How $ Operators Use Indexes

Some queries can use indexes more efficiently than others; some queries cannot use indexes at all. This section covers how various query operators are handled by MongoDB.

INEFFICIENT OPERATORS

In general, negation is inefficient. $ne queries can use an index, but not very well. They must look at all the index entries other than the one specified by $ne, so they basically have to scan the entire index. For example, for a collection with an index on the field named i, here are the index ranges traversed for such a query:

db.example.find({"i" : {"$ne" : 3}}).explain()

{
    "queryPlanner" : {
        ...,
        "parsedQuery" : {
            "i" : {
                "$ne" : "3"
            }
        },
        "winningPlan" : {
        {
            ...,
            "indexBounds" : {
                "i" : [
                    [
                        {
                            "$minElement" : 1
                        },
                        3
                    ],
                    [
                        3,
                        {
                            "$maxElement" : 1
                        }
                    ]
                ]
                }
            }
        },
        "rejectedPlans" : [ ]
    },
    "serverInfo" : {
        ...,
    }
}

This query looks at all index entries less than 3 and all index entries greater than 3. This can be efficient if a large swath of your collection is 3, but otherwise it must check almost everything.

$not can sometimes use an index but often does not know how. It can reverse basic ranges ({"key" : {"$lt" : 7}} becomes {"key" : {"$gte" : 7}}) and regular expressions. However, most other queries with $not will fall back to doing a table scan. $nin always uses a table scan.

If you need to perform one of these types of queries quickly, figure out if there’s another clause that you could add to the query that could use an index to filter the result set down to a small number of documents before MongoDB attempts to do nonindexed matching.

RANGES

Compound indexes can help MongoDB efficiently execute queries with multiple clauses. When designing an index with multiple fields, put fields that will be used in exact matches first (e.g., "x" : 1) and ranges last (e.g., "y": {"$gt" : 3, "$lt" : 5}). This allows the query to find an exact value for the first index key and then search within that for a second index range. For example, suppose we were querying for a specific age and a range of usernames using an {"age" : 1, "username" : 1} index.

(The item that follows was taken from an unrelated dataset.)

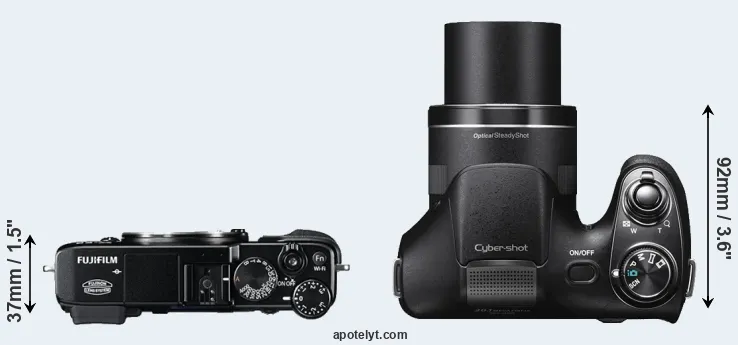 Compare X-E2 versus H300 top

We would get fairly exact index bounds:

db.users.find({"age" : 47, "username" : {"$gt" : "user5", "$lt" : "user8"}}).explain('executionStats')

{
  "queryPlanner": {
    "plannerVersion": 1,
    "namespace": "test.users",
    "indexFilterSet": false,
    "parsedQuery": {
      "$and": [
        {
          "age": {
            "$eq": 47
          }
        },
        {
          "username": {
            "$lt": "user8"
          }
        },
        {
          "username": {
            "$gt": "user5"
          }
        }
      ]
    },
    "winningPlan": {
      "stage": "FETCH",
      "inputStage": {
        "stage": "IXSCAN",
        "keyPattern": {
          "age": 1,
          "username": 1
        },
        "indexName": "age_1_username_1",
        "isMultiKey": false,
        "multiKeyPaths": {
          "age": [],
          "username": []
        },
        "isUnique": false,
        "isSparse": false,
        "isPartial": false,
        "indexVersion": 2,
        "direction": "forward",
        "indexBounds": {
          "age": ["[47.0, 47.0]"],
          "username": ["(\"user5\", \"user8\")"]
        }
      }
    },
    "rejectedPlans": [
      {
        "stage": "FETCH",
        "filter": {
          "age": {
            "$eq": 47
          }
        },
        "inputStage": {
          "stage": "IXSCAN",
          "keyPattern": {
            "username": 1
          },
          "indexName": "username_1",
          "isMultiKey": false,
          "multiKeyPaths": {
            "username": []
          },
          "isUnique": false,
          "isSparse": false,
          "isPartial": false,
          "indexVersion": 2,
          "direction": "forward",
          "indexBounds": {
            "username": ["(\"user5\", \"user8\")"]
          }
        }
      }
    ]
  },
  "executionStats": {
    "executionSuccess": true,
    "nReturned": 2742,
    "executionTimeMillis": 5,
    "totalKeysExamined": 2742,
    "totalDocsExamined": 2742,
    "executionStages": {
      "stage": "FETCH",
      "nReturned": 2742,
      "executionTimeMillisEstimate": 0,
      "works": 2743,
      "advanced": 2742,
      "needTime": 0,
      "needYield": 0,
      "saveState": 23,
      "restoreState": 23,
      "isEOF": 1,
      "invalidates": 0,
      "docsExamined": 2742,
      "alreadyHasObj": 0,
      "inputStage": {
        "stage": "IXSCAN",
        "nReturned": 2742,
        "executionTimeMillisEstimate": 0,
        "works": 2743,
        "advanced": 2742,
        "needTime": 0,
        "needYield": 0,
        "saveState": 23,
        "restoreState": 23,
        "isEOF": 1,
        "invalidates": 0,
        "keyPattern": {
          "age": 1,
          "username": 1
        },
        "indexName": "age_1_username_1",
        "isMultiKey": false,
        "multiKeyPaths": {
          "age": [],
          "username": []
        },
        "isUnique": false,
        "isSparse": false,
        "isPartial": false,
        "indexVersion": 2,
        "direction": "forward",
        "indexBounds": {
          "age": ["[47.0, 47.0]"],
          "username": ["(\"user5\", \"user8\")"]
        },
        "keysExamined": 2742,
        "seeks": 1,
        "dupsTested": 0,
        "dupsDropped": 0,
        "seenInvalidated": 0
      }
    }
  },
  "serverInfo": {
    "host": "eoinbrazil-laptop-osx",
    "port": 27017,
    "version": "4.0.12",
    "gitVersion": "5776e3cbf9e7afe86e6b29e22520ffb6766e95d4"
  },
  "ok": 1
}

The query goes directly to "age" : 47 and then searches within that for usernames between "user5" and "user8".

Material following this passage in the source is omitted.